Authored by rampitec on Aug 30 2017, 10:13 PM.

Diff Detail

Repository
rL LLVM

Event Timeline

rampitec created this revision.Aug 30 2017, 10:13 PM
arsenm added inline comments.Sep 1 2017, 3:43 PM
lib/Target/AMDGPU/SIInstructions.td
1289 ↗(On Diff #113355)

This won't work. For now it's probably easier to just throw an S_MOV_B32 of the constant. This won't encode correctly as a direct immediate because you need to manipulate op_sel

rampitec added inline comments.Sep 1 2017, 3:58 PM
lib/Target/AMDGPU/SIInstructions.td
1289 ↗(On Diff #113355)

It was here before, this is the old code and the fix does not belong to the current change.

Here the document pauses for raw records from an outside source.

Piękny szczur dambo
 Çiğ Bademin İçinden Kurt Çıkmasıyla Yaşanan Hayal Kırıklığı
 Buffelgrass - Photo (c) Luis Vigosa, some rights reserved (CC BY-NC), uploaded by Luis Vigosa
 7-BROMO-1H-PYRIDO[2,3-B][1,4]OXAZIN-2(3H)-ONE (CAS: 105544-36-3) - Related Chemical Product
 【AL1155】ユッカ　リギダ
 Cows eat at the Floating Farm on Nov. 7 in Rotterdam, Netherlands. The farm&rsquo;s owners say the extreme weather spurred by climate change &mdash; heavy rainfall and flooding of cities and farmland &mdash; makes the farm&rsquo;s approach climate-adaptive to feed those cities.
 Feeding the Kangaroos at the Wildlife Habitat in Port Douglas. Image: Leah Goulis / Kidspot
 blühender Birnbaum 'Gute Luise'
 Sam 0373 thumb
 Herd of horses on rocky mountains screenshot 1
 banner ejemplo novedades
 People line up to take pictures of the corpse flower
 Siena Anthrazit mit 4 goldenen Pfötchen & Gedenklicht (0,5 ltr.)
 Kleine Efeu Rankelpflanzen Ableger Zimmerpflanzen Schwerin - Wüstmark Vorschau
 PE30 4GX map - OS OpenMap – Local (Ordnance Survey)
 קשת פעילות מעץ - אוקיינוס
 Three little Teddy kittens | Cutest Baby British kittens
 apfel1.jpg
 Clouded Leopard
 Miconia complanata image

rampitec added inline comments.Sep 5 2017, 11:01 AM
lib/Target/AMDGPU/SIInstructions.td
1289 ↗(On Diff #113355)

For some reason S_MOV_B32 does not work here. It is really a separate issue and has to be addressed separately.

arsenm added inline comments.Sep 6 2017, 8:30 AM
lib/Target/AMDGPU/SIInstructions.td
1289 ↗(On Diff #113355)

Why doesn't it work? What about V_MOV_B32? The constant needs to be materialized in some way.

Actually I think setting this to be FP16 zero is fine, as long as you remove the SRCMODS.OP_SEL_1 from it.

rampitec added inline comments.Sep 6 2017, 8:37 AM
lib/Target/AMDGPU/SIInstructions.td
1289 ↗(On Diff #113355)

As I said this is really a subject for the separate patch.

arsenm added inline comments.Sep 6 2017, 9:04 AM
lib/Target/AMDGPU/SIInstructions.td
1289 ↗(On Diff #113355)

It's not, because what is here is incorrect and will not work.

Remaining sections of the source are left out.